Xe-HPC and Ponte Vecchio - Architecture Day 2021 | Intel Technology
(transition sound effect) - The first step in making progress is to admit we have a problem. At Intel, we had a problem. Almost a decade long problem. We were behind on throughput compute density and support for high bandwidth memories.
Both of which are essential metrics for HPC and AI and the cornerstones of GPU architecture. The first chart is FP64 flops. The blue line is Intel versus the green line which is the best in the industry. The second is a similar chart for memory bandwidth. As is obvious, the gaps were quite large.
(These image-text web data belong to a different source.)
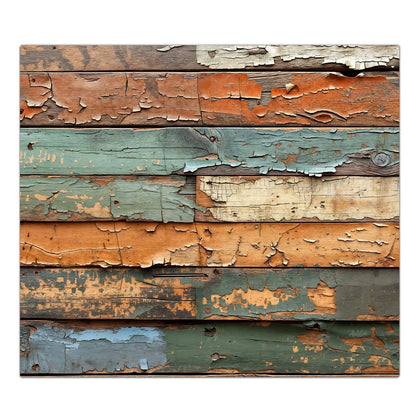 Herdabdeckplatte mit dem Motiv Antike Holzplanken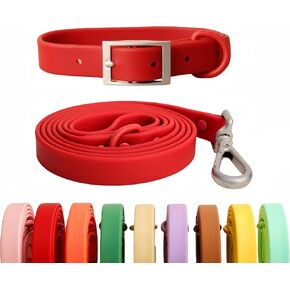 Dog Collar Leash Set Adjustable Strong Dirt Resistant Deodorization Waterproof Dog Collar Easy to Clean Soft Pet Collars Leashes for Large Medium Small Dogs (Brown, L) in Saudi Arabia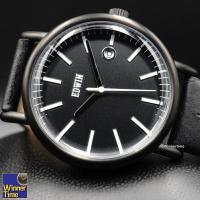 ราคา นาฬิกา EDWIN Quartz EPIC รุ่น EW1L002L0124 ตัวเรือนสแตนเลสรมดำ สายหนังสีดำ (52308302067)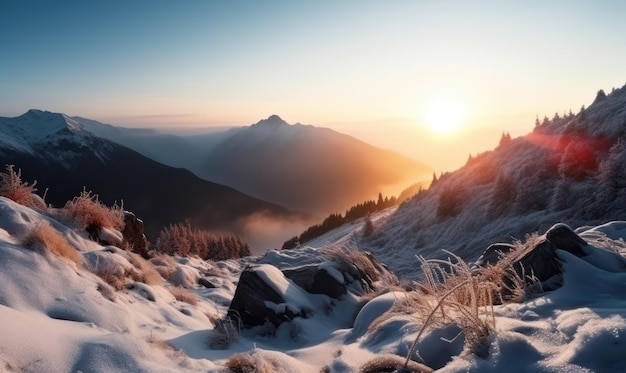 Un paisaje invernal con nieve y sol.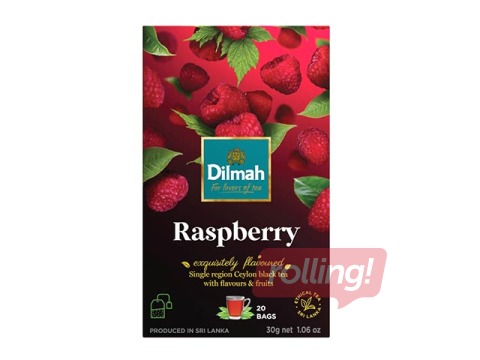 Чёрный чай с вкусом малины, Dilmah, 20 пак.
And in 2017, when GPU architecture started adding special engines for Matrix processing with AI data types, the problem got worse. Now mind you, that the real-world performance deltas between GPUs and CPUs are much lower than these charts indicate, but the gaps were real. We really wanted to close this gap in one shot. So we needed a moonshot. We set for ourselves some very ambitious goals. We started a brand-new architecture, built for scalability, designed to take advantage of the most advanced silicon technologies, and we leaned in fearlessly.
Let me hand it over to Hong to walk you through this brand new architecture, Xe HPC. (transition sound effect) - I'm here to talk about how we designed the Xe HPC architecture. How do we scale our architecture to realize the vision set up by Raja? We broke this problem down to four hierarchical building blocks: Core, Slice, Stack, and Link. Now, let me walk you through each of them. First, I want to introduce the Xe-cores, our foundational processing unit, through which we scale our architecture. Xe-cores are highly efficient arithmetic machines.
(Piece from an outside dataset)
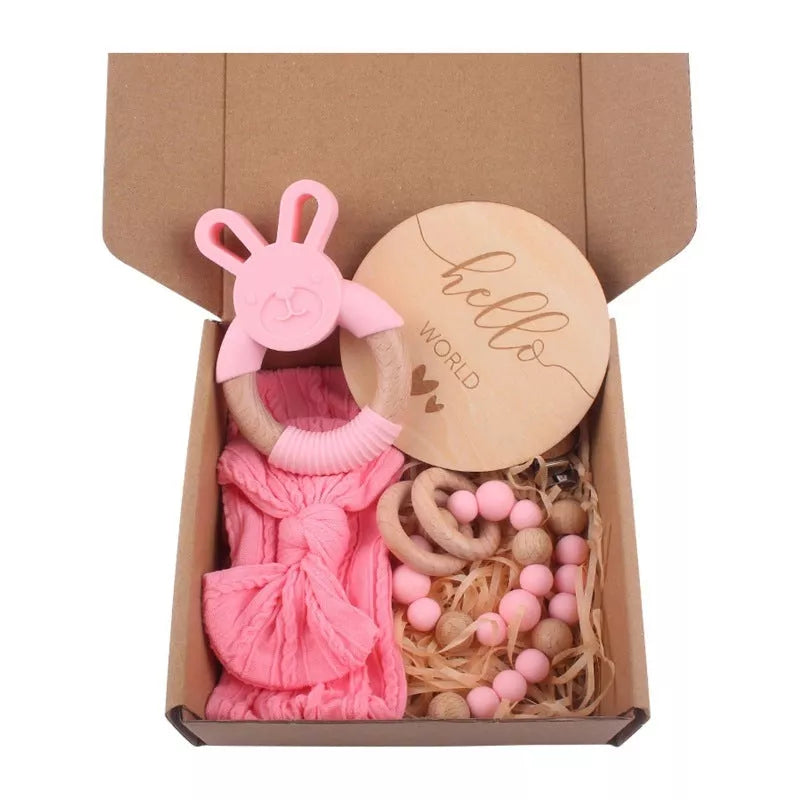 Natural cotton baby bath toy set with wooden rattle and comfort towel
In each Xe-core, there are eight vector engines. Each vector engine provides floating point and integer operations on 512-bit wide vectors. There are also eight matrix engines, referred to as XMX, or Xe Matrix eXtensions. Each XMX engine is built with an eight-deep systolic array. XMX performs eight sets of 512-bit wide vector compute operations per clock. These Vector and Matrix engines are supported by a wide Load/Store unit that can fetch 512B per clock.
Each Xe-core has a large 512KB L1 data cache, currently the largest in the industry. We optimized Xe-core for large data sets and this huge L1 cache helps tremendously. L1 cache is also software configurable as a scratch pad, also known as Shared Local Memory. Compelling Ops per clock for critical data formats is essential for high performance computing and AI. Here I'm showcasing those data formats and what an Xe-core can do.
But this is not all. We can also co-issue instructions to exceed these single Op per clock rates. Our Intel Libraries and kernels take full advantage of this for increased performance of the Xe-core. The next level building block is the Slice. For Xe HPC a Slice has 16 Xe-cores totaling 8MB of L1 Cache, 16 Ray Tracing units, and providing one hardware context.
The Ray Tracing units provide fixed-function computation for Ray Traversal, Bounding Box Intersection, and Triangle Intersection. This makes Xe HPC very attractive to professional visualization applications. The hardware context feature enables Xe HPC GPUs to execute multiple applications, concurrently without expensive software-based context switches. This greatly improves the utilization of GPUs in the cloud. At the top level we have the Stack; This can be a full GPU in itself. A stack contains four slices.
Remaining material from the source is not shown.